Wednesday, October 6, 2010

A comment on Alan Greenspan's analysis of the slow recovery in the FT


Alan Greenspan has written an interesting analysis of the slow recovery for the FT. ''Fear undermines Americas recovery." I commented on it and have reproduced the comment below. see the FT Oct.7, 2010.

Harold Chorney | October 7 3:16am | Permalink
Alan Greenspan is focusing on a critical issue that has dogged the debate over stimulus ever since Keynes, Kahn,Kalecki and their circle at Cambridge aided by Lauchlin Currie,(a Canadian trained at Harvard who advised Roosevelt )Marriner Eccles, the head of the Fed, and Alvin Hansen the leading Harvard economist who was an expert on secular stagnation in America made the case for debt financed capital investment in infrastructure and the stimulus of consumption through fiscal measures as the antidote to slumps. The Europeans preferred capital works, the North Americans leaned more towards stimulating consumption. But whatever the preference the policy always implied a short term rise in deficit spending. The Treasury view which in some respects Greenspan is advocating, albeit in a reformulation that welcomes a temporary rise in deficit spending to cope with the financial crash and the initial rounds of shocks to the economy, argued as Greenspan appears to, that increasing the public sector deficit would crowd out private investment that would otherwise be forthcoming. But, of course, as Keynes, James Meade, Abba Lerner and later Keynesians, like James Tobin have pointed out this need not be so.

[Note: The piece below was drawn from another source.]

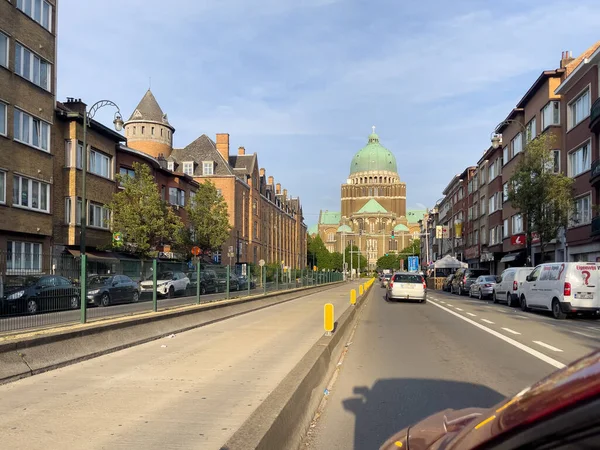 Voitures Conduisant Vers Basilique Nationale Cœur Sacré Bruxelles — Photo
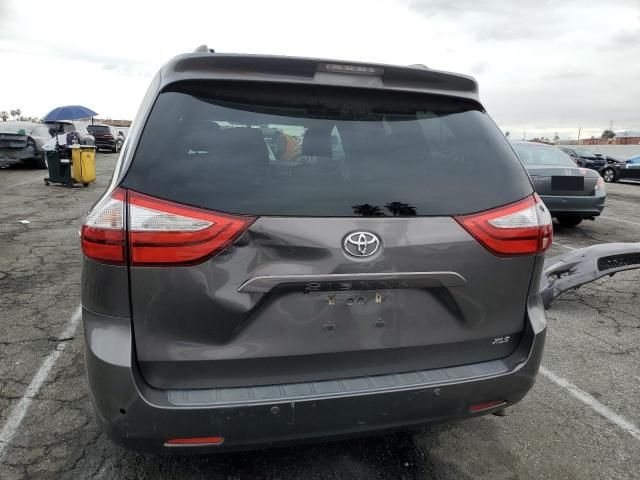 2015 Toyota Sienna XLE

In fact, the very opposite is more likely to occur as the recovery develops. The government loan financed expenditures which draw on otherwise idle savings stimulate the recovery so that private funds waiting on the sidelines because of fear of loss are crowded back into the economy as the recovery proceeds. To deal with the problem of increasing fear and the demand for loanable funds causing risk premiums to rise and interest rate to increase
we now have additional policy tools available in the form of quantitative easing.

The legitimate question to be resolved in the coming months is whether the reluctance to invest will continue as the economy recovers or will private funds begin to accelerate their reinvestment in profit seeking capital investments ? If they do not the question of who is right cannot be resolved simply by arguing that there is a correlation between investment not occurring and the deficit not shrinking fast enough or for that matter the new complex banking regulation which if nothing else were simply unavoidable after the debacle of 2008.

We still have other plausible possible explanations involving the size of the stimulus being too small and too slowly applied to yield a better outcome. This was true in the mid thirties and it is likely to be true in 2010. Cutting deficits through the premature application of restraint would be a bad idea.

Mr. Greenspan must know that the cuts have both real and expectational immediate negative impact upon aggregate demand which would reduce and probably overwhelm any positive good that they might have with respect to private investors' expectations.